= Safety testing of explosives =

The safety testing of explosives involves the determination of various properties of the different energetic materials that are used in commercial, mining, and military applications. It is highly desirable to measure the conditions under which explosives can be set off for several reasons, including: safety in handling, safety in storage, and
safety in use.

It would be very difficult to provide an absolute scale for sensitivity with respect to the different properties of explosives. Therefore, it is generally required that one or more compounds be considered a standard for comparison to those compounds being tested. For example, PETN is considered to be a primary explosive by some individuals, and a secondary explosive by others. As a general rule, PETN is considered to be either a relatively insensitive primary explosive, or one of the most sensitive secondary explosives. PETN may be detonated by striking with a hammer on a hard steel surface (a very dangerous thing to do), and is generally considered the least sensitive explosive with which this may be done.

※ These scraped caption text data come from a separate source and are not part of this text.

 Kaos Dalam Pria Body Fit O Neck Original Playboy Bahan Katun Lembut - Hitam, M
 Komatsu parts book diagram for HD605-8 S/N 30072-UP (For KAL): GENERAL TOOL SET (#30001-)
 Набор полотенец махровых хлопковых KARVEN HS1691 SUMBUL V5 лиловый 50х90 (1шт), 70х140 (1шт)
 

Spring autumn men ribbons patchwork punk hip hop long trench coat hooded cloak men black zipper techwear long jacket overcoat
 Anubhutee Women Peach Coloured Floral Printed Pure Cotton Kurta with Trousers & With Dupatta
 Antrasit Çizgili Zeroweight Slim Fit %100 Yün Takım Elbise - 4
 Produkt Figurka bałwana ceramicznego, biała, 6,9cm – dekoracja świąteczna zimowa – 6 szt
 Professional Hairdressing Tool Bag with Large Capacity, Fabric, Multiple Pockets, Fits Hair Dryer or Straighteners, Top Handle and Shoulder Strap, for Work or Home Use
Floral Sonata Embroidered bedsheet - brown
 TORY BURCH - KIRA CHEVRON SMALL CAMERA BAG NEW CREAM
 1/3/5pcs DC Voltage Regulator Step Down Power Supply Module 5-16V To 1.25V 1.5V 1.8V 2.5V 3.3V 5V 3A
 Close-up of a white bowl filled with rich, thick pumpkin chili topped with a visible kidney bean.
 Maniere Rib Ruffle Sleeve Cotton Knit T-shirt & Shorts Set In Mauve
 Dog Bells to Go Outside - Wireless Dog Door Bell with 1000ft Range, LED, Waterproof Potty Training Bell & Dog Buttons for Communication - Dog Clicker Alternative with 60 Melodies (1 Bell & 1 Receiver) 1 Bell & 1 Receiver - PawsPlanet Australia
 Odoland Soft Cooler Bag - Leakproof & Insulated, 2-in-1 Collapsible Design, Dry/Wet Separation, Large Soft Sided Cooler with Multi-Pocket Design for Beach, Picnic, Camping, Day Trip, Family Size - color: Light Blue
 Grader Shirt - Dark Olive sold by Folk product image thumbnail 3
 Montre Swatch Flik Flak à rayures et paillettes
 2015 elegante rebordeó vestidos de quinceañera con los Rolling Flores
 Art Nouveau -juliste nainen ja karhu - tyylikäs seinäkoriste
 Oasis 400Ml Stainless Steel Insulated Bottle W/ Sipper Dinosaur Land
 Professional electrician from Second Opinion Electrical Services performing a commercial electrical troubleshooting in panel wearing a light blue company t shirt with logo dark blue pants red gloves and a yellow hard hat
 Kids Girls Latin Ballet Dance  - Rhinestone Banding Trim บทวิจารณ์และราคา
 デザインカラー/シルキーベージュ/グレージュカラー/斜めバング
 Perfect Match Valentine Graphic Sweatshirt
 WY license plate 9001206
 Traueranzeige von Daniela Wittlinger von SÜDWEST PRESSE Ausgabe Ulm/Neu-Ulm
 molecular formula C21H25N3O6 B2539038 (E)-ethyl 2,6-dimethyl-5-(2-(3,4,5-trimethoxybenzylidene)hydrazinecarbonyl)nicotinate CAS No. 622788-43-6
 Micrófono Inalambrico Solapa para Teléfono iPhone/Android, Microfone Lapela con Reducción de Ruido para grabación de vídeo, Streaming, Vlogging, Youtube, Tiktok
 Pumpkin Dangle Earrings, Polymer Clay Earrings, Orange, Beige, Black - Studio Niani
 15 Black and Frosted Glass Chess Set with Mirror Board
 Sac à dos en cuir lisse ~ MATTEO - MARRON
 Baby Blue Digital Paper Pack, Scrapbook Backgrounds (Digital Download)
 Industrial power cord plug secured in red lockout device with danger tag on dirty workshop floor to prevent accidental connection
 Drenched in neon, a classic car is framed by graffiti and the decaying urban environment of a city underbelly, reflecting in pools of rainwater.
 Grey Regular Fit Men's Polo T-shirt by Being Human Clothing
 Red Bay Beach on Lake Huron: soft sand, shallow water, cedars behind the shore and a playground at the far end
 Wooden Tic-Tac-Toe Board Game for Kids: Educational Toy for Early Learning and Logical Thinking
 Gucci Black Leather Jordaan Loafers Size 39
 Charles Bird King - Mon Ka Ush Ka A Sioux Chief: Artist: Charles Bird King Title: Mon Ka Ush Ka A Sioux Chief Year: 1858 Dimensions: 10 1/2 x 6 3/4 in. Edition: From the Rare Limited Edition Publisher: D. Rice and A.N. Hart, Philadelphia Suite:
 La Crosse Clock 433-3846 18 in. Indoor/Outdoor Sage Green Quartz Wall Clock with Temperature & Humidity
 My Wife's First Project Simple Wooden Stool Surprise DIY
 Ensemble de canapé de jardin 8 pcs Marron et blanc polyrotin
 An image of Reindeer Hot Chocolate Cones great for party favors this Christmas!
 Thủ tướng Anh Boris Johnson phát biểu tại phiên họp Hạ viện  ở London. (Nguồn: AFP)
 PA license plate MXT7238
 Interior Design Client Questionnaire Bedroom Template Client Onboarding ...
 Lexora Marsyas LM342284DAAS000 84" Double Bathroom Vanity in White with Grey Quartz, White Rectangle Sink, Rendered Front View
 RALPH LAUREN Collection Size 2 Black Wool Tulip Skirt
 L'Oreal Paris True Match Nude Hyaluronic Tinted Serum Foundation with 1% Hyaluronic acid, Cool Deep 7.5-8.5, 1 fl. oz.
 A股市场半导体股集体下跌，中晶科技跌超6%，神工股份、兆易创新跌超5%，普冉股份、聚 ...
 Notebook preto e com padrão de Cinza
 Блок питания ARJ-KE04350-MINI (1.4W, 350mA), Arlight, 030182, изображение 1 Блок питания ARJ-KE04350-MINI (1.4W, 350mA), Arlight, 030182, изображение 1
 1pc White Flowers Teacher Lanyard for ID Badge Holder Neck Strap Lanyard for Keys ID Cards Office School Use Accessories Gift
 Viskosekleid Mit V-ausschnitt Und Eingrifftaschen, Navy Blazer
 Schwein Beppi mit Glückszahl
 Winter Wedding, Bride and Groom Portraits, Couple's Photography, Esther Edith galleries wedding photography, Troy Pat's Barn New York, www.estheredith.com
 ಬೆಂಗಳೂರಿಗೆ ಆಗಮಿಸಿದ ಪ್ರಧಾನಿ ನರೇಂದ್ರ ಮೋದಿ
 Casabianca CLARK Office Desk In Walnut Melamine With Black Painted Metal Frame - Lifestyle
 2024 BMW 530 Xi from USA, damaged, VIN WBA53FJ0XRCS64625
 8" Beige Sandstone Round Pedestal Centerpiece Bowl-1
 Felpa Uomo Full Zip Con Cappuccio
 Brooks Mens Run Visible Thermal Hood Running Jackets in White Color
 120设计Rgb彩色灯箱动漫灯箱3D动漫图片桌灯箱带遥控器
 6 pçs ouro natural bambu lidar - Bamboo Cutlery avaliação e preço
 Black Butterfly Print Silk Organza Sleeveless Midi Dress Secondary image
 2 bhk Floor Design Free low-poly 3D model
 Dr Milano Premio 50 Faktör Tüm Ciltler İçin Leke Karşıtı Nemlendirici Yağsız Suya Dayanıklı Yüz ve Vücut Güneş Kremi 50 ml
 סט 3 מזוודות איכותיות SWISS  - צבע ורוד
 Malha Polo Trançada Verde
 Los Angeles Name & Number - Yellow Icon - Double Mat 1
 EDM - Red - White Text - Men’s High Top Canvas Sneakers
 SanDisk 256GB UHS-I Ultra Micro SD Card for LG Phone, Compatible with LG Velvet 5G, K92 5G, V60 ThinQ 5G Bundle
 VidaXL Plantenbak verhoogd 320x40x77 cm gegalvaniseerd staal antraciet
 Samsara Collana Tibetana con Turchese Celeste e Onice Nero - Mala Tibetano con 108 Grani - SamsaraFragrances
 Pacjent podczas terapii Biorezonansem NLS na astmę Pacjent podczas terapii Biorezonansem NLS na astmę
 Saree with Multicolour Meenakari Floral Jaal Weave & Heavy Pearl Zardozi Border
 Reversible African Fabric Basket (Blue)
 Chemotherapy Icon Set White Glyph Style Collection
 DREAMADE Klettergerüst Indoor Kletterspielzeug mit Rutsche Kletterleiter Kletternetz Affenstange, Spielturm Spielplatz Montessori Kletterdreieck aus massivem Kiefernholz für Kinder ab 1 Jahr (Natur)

For these facts and other reasons, PETN is considered one standard by which other explosives are gauged.

Another explosive that is used as a calibration standard is TNT, which was afforded the arbitrary Figure of Insensitivity of 100. Other explosives could then be compared against this standard.

==Types of safety testing==

Because there are different ways to set off explosives, there are several different components to the safety testing of explosives:

- Impact testing: The impact testing of explosives is performed by dropping a fixed weight onto a prepared sample of the explosive to be tested from a given distance. The weight is released, impacts upon the sample, and the result is noted. The impact distances are determined and the results are analyzed by the sensitivity test and analysis methods selected. The two most common sensitivity test and analysis methods are the Bruceton analysis and Neyer d-optimal test. These methods allow the user to determine the 50% initiation level (the distance at which 50% of the samples will "go"), and a standard deviation. Impact testing may also be performed with liquid samples confined in special cells.
- Friction testing. There are several techniques through which explosives may be tested to determine their sensitivity to friction. One of the most popular is the ABL friction test, which uses a line of explosives on a prepared metal plate, placed in front of a specially prepared metal wheel that is forced down upon the plate with a hydraulic press. The metal plate is then struck with a pendulum to move it, squeezing the explosives between plate and wheel as the plate moves. Initiation is determined, and analyzed by the Bruceton analysis or Neyer d-optimal test, as above. BAM friction testing is similar, except that the sample is placed on a ceramic plate which is then moved side-to-side as a ceramic peg exerts force on the sample.
- Electrostatic discharge. Testing for ESD, or "spark" sensitivity of explosives is performed with a machine designed to discharge from a capacitor through a prepared sample. The Sandia National Labs design employs a dipping needle that punctures a sample cell and discharges the spark simultaneously. The amount of energy discharged into the cell becomes the variable in which Bruceton analysis or Neyer d-optimal test is performed to determine spark sensitivity.
- Thermal sensitivity. Determining the point at which a compound is capable of detonating under confinement with thermal stress is useful. A fixed quantity of material is placed in an aluminum blasting cap shell, and pressed into place with an aluminum plug. The sample is immersed in a hot metal bath, and the time-to-detonation is measured. If over 60 seconds, a fresh sample is run again at a higher temperature. In this manner, it is possible to determine the temperature at which an explosive will detonate on the small scale. Unlike the other tests above, this figure is misleading as explosives have more thermal issues on the large scale. Therefore, the thermal sensitivity figures established using this technique are higher than one would expect in the real world. Thermal safety testing may also be performed via differential scanning calorimetry, in which a small (sub-milligram) sample is placed in a sample cell, and the temperature is increased slowly. The calorimeter determines how much energy is required to increase the temperature of the sample. Using this device, characteristics such as the melting point, phase transitions and decomposition temperature of an explosive may be determined.

Used together, these numbers may be used to determine the potential threats afforded by energetic materials when employed in the field. It cannot be stressed enough that these figures are relative; when we determine that impact sensitivity of an explosive is lower for that of a tested explosive than PETN, for example, the number produced in the impact test is dimensionless, but it means that it is expected that it would take a greater impact to detonate it than PETN. Therefore, an experienced ordnance technician who works with raw PETN will know that the new explosive is not as sensitive with regards to impact. However, it could be more sensitive to friction, spark, or thermal issues. These conditions must be taken into account before any compound is to be stored, handled, or used in the field.

== Fireworks ==
In the Netherlands, the Netherlands Organisation for Applied Scientific Research tests the safety of fireworks. According to a 2017 report by the Dutch Safety Board, 25% of all fireworks tested failed to meet safety standards and were banned from sale. Since 2010, safety testing of fireworks is required in the entire European Union, but companies are allowed to test their products in one member state before importing and selling them in another.